(Washington) La Cour suprême a bloqué jeudi l’ajout d’une question sur la nationalité dans le prochain recensement de la population des États-Unis, en jugeant «artificielles» les justifications fournies par le gouvernement de Donald Trump.

Dans une décision distincte, tout aussi lourde de conséquences pour le paysage politique américain, elle a refusé de fixer des limites à l’art du découpage électoral à des fins partisanes.

C’est «totalement ridicule» que «notre pays ne puisse pas poser une question basique sur la citoyenneté dans un recensement très cher, détaillé et important», a réagi le président républicain.  

«Ça n’arrive qu’en Amérique», a-t-il tweeté, en évoquant la possibilité de reporter le recensement de 2020, le temps de fournir de nouveaux arguments à la Cour.

Les enjeux sont énormes: le recensement, qui doit se tenir tous les dix ans selon la Constitution, conditionne l’octroi de 675 milliards de dollars de subventions fédérales et le nombre de sièges alloués à chaque État à la Chambre des représentants.

En charge de son organisation, le secrétaire au Commerce Wilbur Ross avait annoncé en mars 2018 qu’il allait réintroduire une question sur la nationalité, abandonnée il y a plus de soixante ans, assurant en avoir besoin pour mieux faire respecter les lois électorales.

Sa décision avait immédiatement provoqué un tollé chez les démocrates et les défenseurs des droits civiques, qui avaient saisi la justice et obtenu gain de cause.  

Selon eux, le gouvernement souhaitait en fait minimiser la population d’origine immigrée, plus susceptible de voter démocrate.

L’ajout d’une question sur la nationalité aurait en effet poussé entre 1,6 et 6,5 millions d’immigrés à s’abstenir de participer ou à mentir sur le questionnaire, par peur d’être fichés, selon les experts du bureau du recensement.

Calendrier serré

Sans se prononcer sur le bien-fondé de la question, la Cour suprême a estimé que les justifications de Wilbur Ross étaient «artificielles». «On nous a présenté une explication qui n’est pas cohérente avec ce que les archives révèlent du processus de décision et des priorités de l’administration», écrit-elle à une courte majorité de cinq juges sur neuf.

Elle laisse toutefois la porte ouverte pour que le gouvernement Trump fournisse des explications plus convaincantes. Mais le calendrier est serré : les formulaires du recensement 2020 doivent être imprimés cet été.

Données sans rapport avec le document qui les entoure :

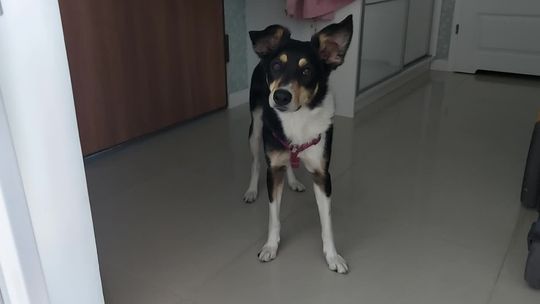 Suczka Dziama się nie pomyliła. Przewidziała przegraną Polski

La puissante organisation de défense des droits civiques ACLU a immédiatement salué «une victoire pour les immigrés et les communautés de couleur en Amérique».

En revanche, elle a déploré que la haute cour ait refusé de corriger un dysfonctionnement majeur de la démocratie américaine: l’art du découpage électoral en faveur du parti au pouvoir.

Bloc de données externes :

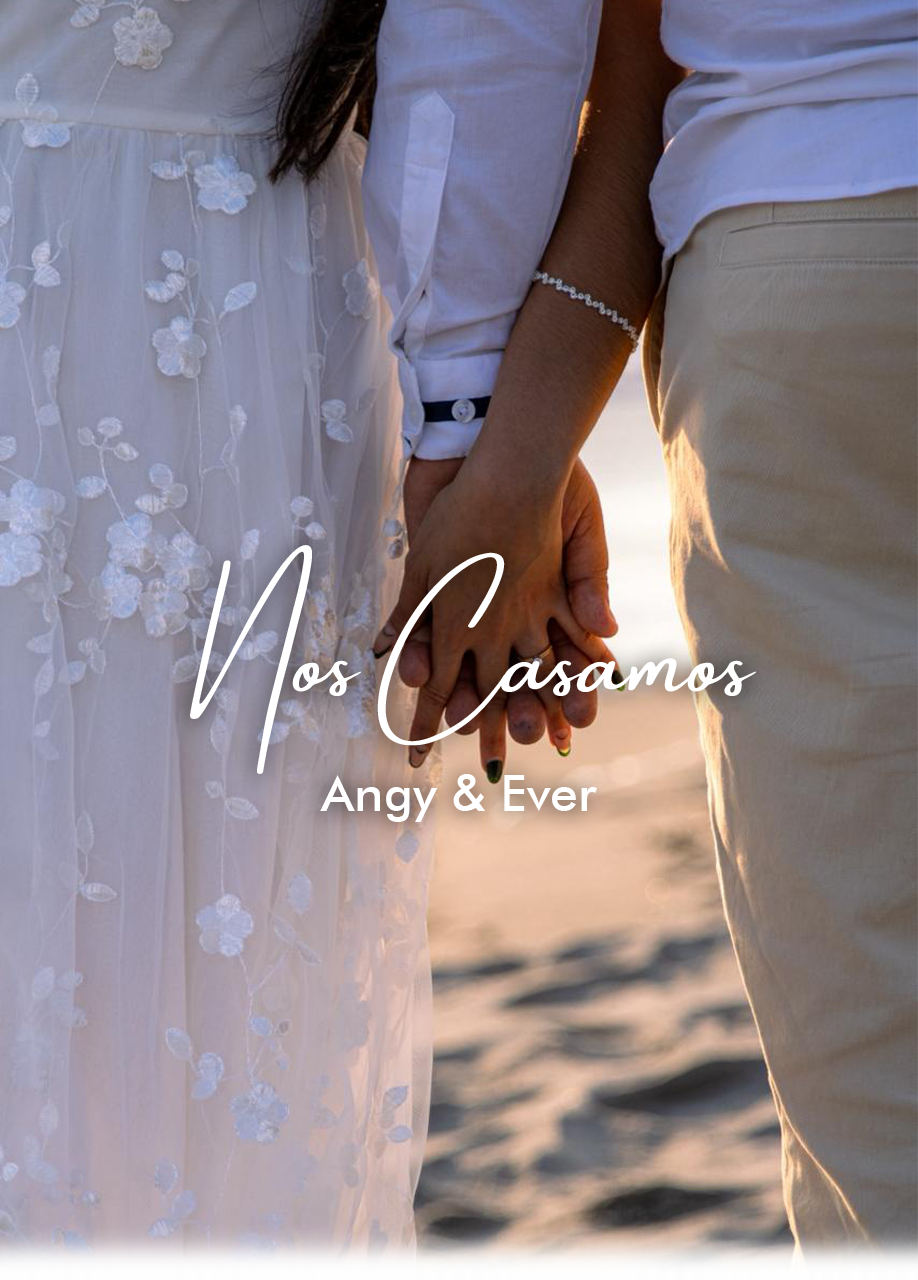 Descripción de la imagen 2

Le temple du droit américain était appelé à se prononcer sur deux cartes électorales, l’une en Caroline du Nord jugée trop favorable aux républicains, l’autre dans le Maryland, qui avantageait les démocrates.

Les cinq juges conservateurs ont estimé qu’il n’était pas du ressort des tribunaux de s’immiscer dans cette question politique.  Il n’existe pas de «critères clairs, précis et neutres politiquement» pour le faire, ont-ils justifié.

«Péril»

«La majorité fait une erreur tragique», ont critiqué leurs quatre collègues progressistes, en regrettant que la Cour abdique ses responsabilités face à un problème qui «met en péril notre système de gouvernement».

Aux États-Unis, les cartes électorales sont redessinées dans chaque État après chaque recensement. Le parti au pouvoir en profite souvent pour regrouper les électeurs du camp opposé dans certaines circonscriptions, afin de faire baisser leur influence ailleurs.  

La pratique profite surtout aux républicains, qui contrôlent davantage d’assemblées locales.

Les démocrates ont déploré une décision «qui permet aux hommes politiques de continuer à choisir leurs électeurs et non aux électeurs de choisir leurs hommes politiques».

La technique est appelée «gerrymandering», en référence à un gouverneur du XIXe siècle, Elbridge Gerry, qui avait remanié une circonscription de son État au point de lui donner la forme d’une salamandre («salamander» en anglais).

Elle est facilitée par le fait que, dans la plupart des États, les électeurs sont invités à se déclarer comme «démocrate», «républicain» ou «indépendant» lors de l’inscription sur les listes électorales, ce qui leur permet ensuite de participer aux primaires de leur parti.